1911 Encyclopædia Britannica/Phillips, Edward
PHILLIPS, EDWARD (1630–1696), English author, son of Edward Phillips of the crown office in chancery, and his wife Anne, only sister of John Milton, the poet, was born in August 1630 in the Strand, London. His father died in 1631, and Anne Phillips eventually married her husband’s successor in the crown office, Thomas Agar. Edward Phillips and his younger brother, John, were educated by Milton. Edward entered Magdalen Hall, Oxford, in November 1650, but left the university in 1651 to be a bookseller’s clerk in London. Although he entirely differed from Milton in his religious and political views, and seems, to judge from the free character of his Mysteries of Love and Eloquence (1658), to have undergone a certain revulsion from his Puritan upbringing, he remained on affectionate terms with his uncle to the end. He was tutor to the son of John Evelyn, the diarist, from 1663 to 1672 at Sayes Court, near Deptford, and in 1677–1679 in the family of Henry Bennet, earl of Arlington. The date of his death is unknown but his last book is dated 1696
His most important work is Theatrum poetarum (1675), a list of the chief poets of all ages and countries, but principally of the English poets, with short critical notes and a prefatory Discourse of the Poets and Poetry, which has usually been traced to Milton’s hand. He also wrote A New World in Words, or a General Dictionary (1658), which went through many editions; a new edition of Baker’s Chronicle, of which the section on the period from 1650 to 1658 was written by himself from the royalist standpoint; a supplement (1676) to John Speed’s Theatre of Great Britain, and in 1684 Enchiridion linguae latinae, said to have been taken chiefly from notes prepared by Milton. Aubrey states that all Milton’s papers came into Phillips’s hands, and in 1694 he published a translation of his Letters of State with a valuable memoir.

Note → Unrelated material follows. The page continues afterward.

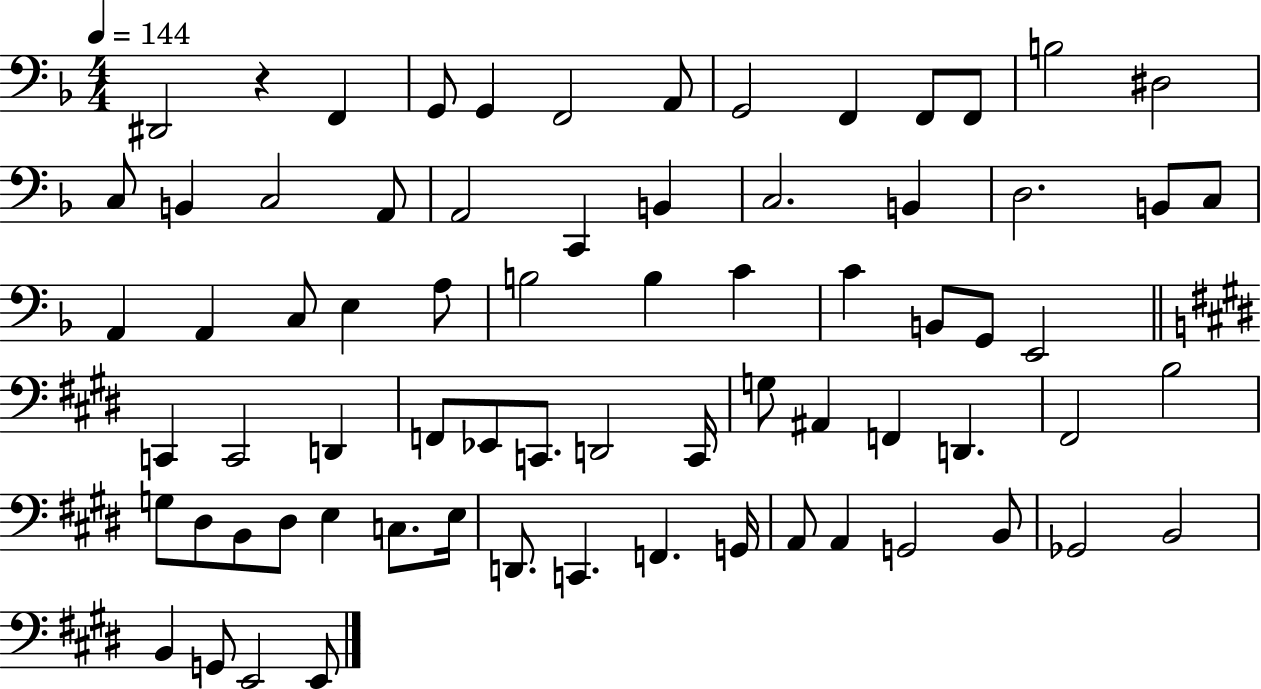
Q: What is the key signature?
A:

His brother, John Phillips (1631–1706), in 1652 published a Latin reply to the anonymous attack on Milton entitled Pro Rege et populo anglicano. He appears to have acted as unofficial secretary to Milton, but, disappointed of regular political employment, and chafing against the discipline he was under, he published in 1655 a bitter attack on Puritanism entitled a Satyr against Hypocrites (1655). In 1656 he was summoned before the privy council for his share in a book of licentious poems, Sportive Wit, which was suppressed by the authorities but almost immediately replaced by a similar collection, Wit and Drollery. In Montelion (1660) he ridiculed the astrological almanacs of William Lilly. Two other skits of this name, in 1661 and 1662, also full of course royalist wit, were probably by another hand. In 1678 he supported the agitation of Titus Oates, writing on his behalf, says Wood, “many lies and villainies” Dr Oates’s Narrative of the Popish Plot indicated was the first of these tracts. He began a monthly historical review in 1688 entitled Modern History or a Monthly Account of all considerable Occurrences, Civil, Ecclesiastical and Military, followed in 1690 by The Present State of Europe, or a Historical and Political Mercury, which was supplemented by a preliminary volume giving a history of events from 1688. He executed many translations from the French, and a version (1687) of Don Quixote.
An extended, but by no means friendly, account of the brothers is given by Wood, Athen. oxon. (ed. Bliss, iv. 764 seq.), where a long list of their works is dealt with. This formed the basis of William Godwin’s Lives of Edward and John Phillips (1815), with which is reprinted Edward Phillips’s Life of John Milton.